Tuesday, July 21, 2009

No, Not Everyone...

I know this is old, but that doesn't mean it's any less deserving of a smack down:
"The truth is, we and everyone else misread the economy," declared Biden. "The figures we worked off of in January were the consensus figures and most of the blue chip indexes out there."
Actually, the truth is that plenty of people have been right in predicting the economy over the last 8 years, and you chose to shut them out of the Administration. A recent Newsweek article attempts to figure out why Joe Stiglitz was left out:

Stiglitz has warned for years that pro-market zeal would cause a global financial meltdown very much like the one that gripped the world last year. In the early '90s, as a member of Clinton's Council of Economic Advisers, Stiglitz argued (unsuccessfully) against opening up capital flows too rapidly to developing countries, saying those markets weren't ready to handle "hot money" from Wall Street. Later in the decade, he spoke out (without results) against repealing the Glass-Steagall Act, which regulated financial institutions and separated commercial from investment banking.
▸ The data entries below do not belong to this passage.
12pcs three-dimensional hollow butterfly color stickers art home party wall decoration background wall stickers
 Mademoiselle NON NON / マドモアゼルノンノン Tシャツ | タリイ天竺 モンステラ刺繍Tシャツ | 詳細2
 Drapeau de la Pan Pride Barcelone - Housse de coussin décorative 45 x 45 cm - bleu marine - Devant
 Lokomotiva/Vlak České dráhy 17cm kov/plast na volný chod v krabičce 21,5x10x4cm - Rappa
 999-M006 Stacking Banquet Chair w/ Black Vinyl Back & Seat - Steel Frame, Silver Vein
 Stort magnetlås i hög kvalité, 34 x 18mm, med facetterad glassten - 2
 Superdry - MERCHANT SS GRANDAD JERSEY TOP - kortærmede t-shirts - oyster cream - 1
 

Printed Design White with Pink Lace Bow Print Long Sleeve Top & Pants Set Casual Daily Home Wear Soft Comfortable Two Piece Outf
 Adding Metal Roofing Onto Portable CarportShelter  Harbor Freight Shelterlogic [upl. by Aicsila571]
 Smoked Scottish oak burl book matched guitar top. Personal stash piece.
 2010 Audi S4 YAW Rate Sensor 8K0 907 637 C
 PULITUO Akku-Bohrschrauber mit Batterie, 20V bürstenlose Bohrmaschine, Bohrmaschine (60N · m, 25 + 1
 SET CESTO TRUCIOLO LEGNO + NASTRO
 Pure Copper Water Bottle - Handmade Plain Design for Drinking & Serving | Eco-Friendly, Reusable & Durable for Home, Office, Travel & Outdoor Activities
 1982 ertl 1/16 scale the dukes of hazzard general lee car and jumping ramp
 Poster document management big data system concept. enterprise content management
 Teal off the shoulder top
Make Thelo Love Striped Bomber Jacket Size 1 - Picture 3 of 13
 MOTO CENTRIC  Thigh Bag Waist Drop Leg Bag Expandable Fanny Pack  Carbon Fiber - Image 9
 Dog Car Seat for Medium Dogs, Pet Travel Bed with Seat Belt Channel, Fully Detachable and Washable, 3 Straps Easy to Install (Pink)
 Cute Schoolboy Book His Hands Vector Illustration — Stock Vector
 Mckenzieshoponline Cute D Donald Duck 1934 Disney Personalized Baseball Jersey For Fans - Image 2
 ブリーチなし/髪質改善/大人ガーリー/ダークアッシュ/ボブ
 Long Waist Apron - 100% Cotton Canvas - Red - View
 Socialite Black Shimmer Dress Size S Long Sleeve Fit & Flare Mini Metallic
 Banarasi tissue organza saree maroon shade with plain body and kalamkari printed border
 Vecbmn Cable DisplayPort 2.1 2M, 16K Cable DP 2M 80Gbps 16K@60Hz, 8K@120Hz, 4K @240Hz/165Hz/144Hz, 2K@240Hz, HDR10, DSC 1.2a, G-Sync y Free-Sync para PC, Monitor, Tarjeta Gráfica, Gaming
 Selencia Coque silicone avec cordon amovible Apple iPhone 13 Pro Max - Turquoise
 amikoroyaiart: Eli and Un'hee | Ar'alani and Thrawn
Since at least 1990, Stiglitz has talked about the risks of securitizing mortgages, questioning whether markets and authorities would grow careless "about the importance of screening loan applicants." Malaysian economist Andrew Sheng says, "I think Stiglitz is the nearest thing there is to Keynes in this crisis."

. . .

Stiglitz's defenders say one possible explanation for his outsider status in Washington is his ongoing rivalry with Summers. While they are both devotees of Keynes, Summers often has supported deregulation of financial markets—or at least he did before last year—while Stiglitz has made a career of mistrusting markets. Since the early '90s, when Summers was a senior Treasury official and Stiglitz was on the Council of Economic Advisers, the two have engaged in fierce policy debates. The first fight was over the Clinton admin-is-tration's efforts to pry open emerging financial markets, such as South Korea's. Stiglitz argued there wasn't good evidence that liberalizing poorly regulated Third World markets would make any one more prosperous; Summers wanted them open to U.S. firms.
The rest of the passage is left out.